Barkley comes of age before our eyes


Matt Barkley has officially relinquished the title of freshman.

With the game on the line in just his second collegiate game, in front of perhaps the loudest crowd he will ever face, Barkley’s play was not that of a teenager.

Cool under fire · Freshman Matt Barkley (7), seen here pitching the ball to Stafon Johnson (13), passed the first major test of his college career by keeping his composure. - Leah Thompson | Daily Trojan

Cool under fire · Freshman Matt Barkley (7), seen here pitching the ball to Stafon Johnson (13), passed the first major test of his college career by keeping his composure. - Leah Thompson | Daily Trojan

His numbers weren’t spectacular. His missed opportunities were plenty. But for the defining drive that spanned just over six minutes at the end of the fourth quarter, a kid days removed from his 19th birthday stood up in front of 106,033 screaming fans and somehow wasn’t fazed.

With USC down 15-10 in the fourth quarter, the ear-splitting Ohio State crowd could taste the victory.
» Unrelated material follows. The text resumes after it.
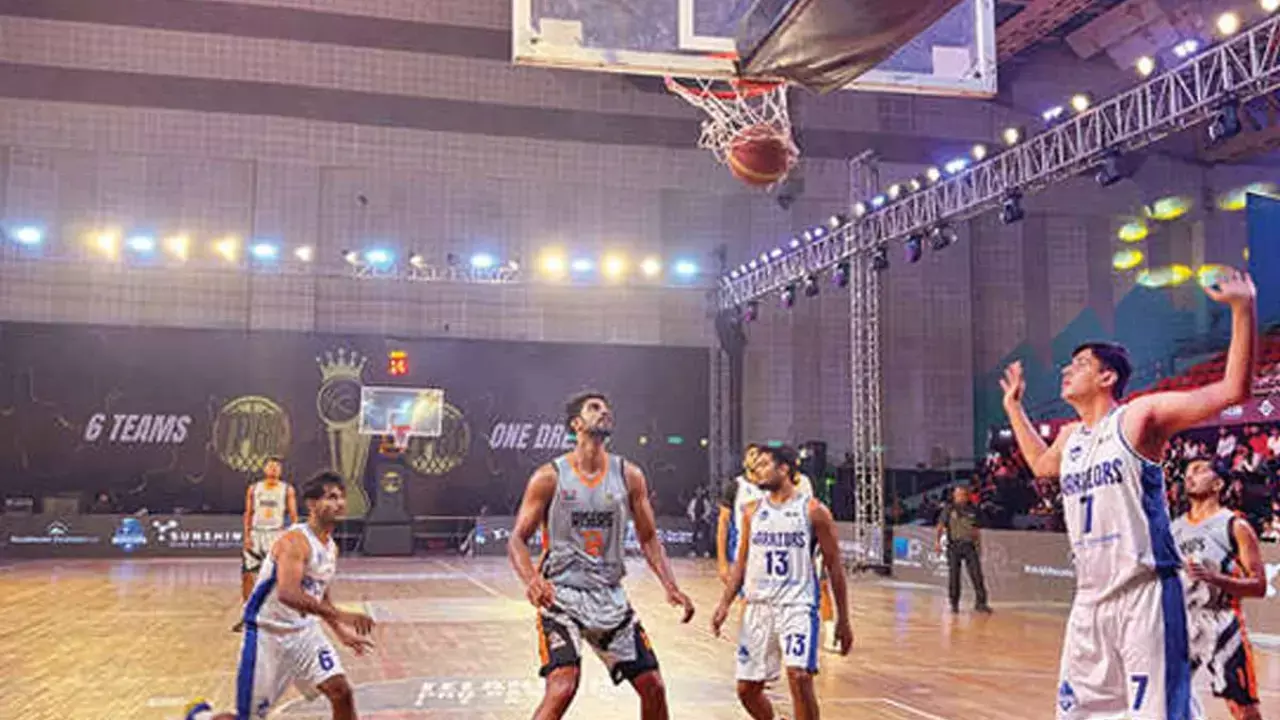 Warangal, Hyderabad register impressive wins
The USC offense had been spotty all night. One more stall would have been the nail in the coffin for the Trojans.

Enter Barkley, a kid who didn’t know he was supposed to play one.

Cool as can be, Barkley led a 14-play, 86-yard drive that culminated in a two-yard Stafon Johnson touchdown run. The resulting sound was the best thing Barkley could have hoped for:

Golden silence.

Was there ever any doubt? Not to this hotshot freshman.

“I knew our offense was going to score,” Barkley said.

Really? Because I’d wager that every USC fan was devouring their fingernails by that point in the game.

Until Barkley’s miraculous drive, the Buckeyes’ defense had been shutting down the Trojans all night. USC’s only touchdown was a gimme, set up by a Chris Galippo interception that he returned to the Ohio State two-yard line. The offense couldn’t seem to get anything going in the second half, finding itself continually stuffed drive after drive.

Before Barkley led them out of the darkness, the Trojans’ first four second-half drives broke down like this:

Three-and-out, punt.

Bad snap over punter Billy O’Malley’s head, safety.

Eight plays, punt.

Three-and-out, punt.

Then out of nowhere, Barkley orchestrated the game-winning drive with the poise and grace of a 10th-year senior.

When the Buckeyes blitzed, he made the right choice and took the sack. When their coverage held, he checked down to the right receiver. And when the crowd noise intensified, he brushed it off like he couldn’t hear it.

“We played through it,” Barkley said of the crowd, which was deafening at best. “The actual noise didn’t affect how we were going to play.”

In the huddle, he was a leader, his youth making no difference to the 10 pairs of eyes looking to him to lead them to a victory.

“Matt was the same person the whole game,” junior running back Joe McKnight said. “[He] never lost his composure, just kept coming in the huddle and calling plays.”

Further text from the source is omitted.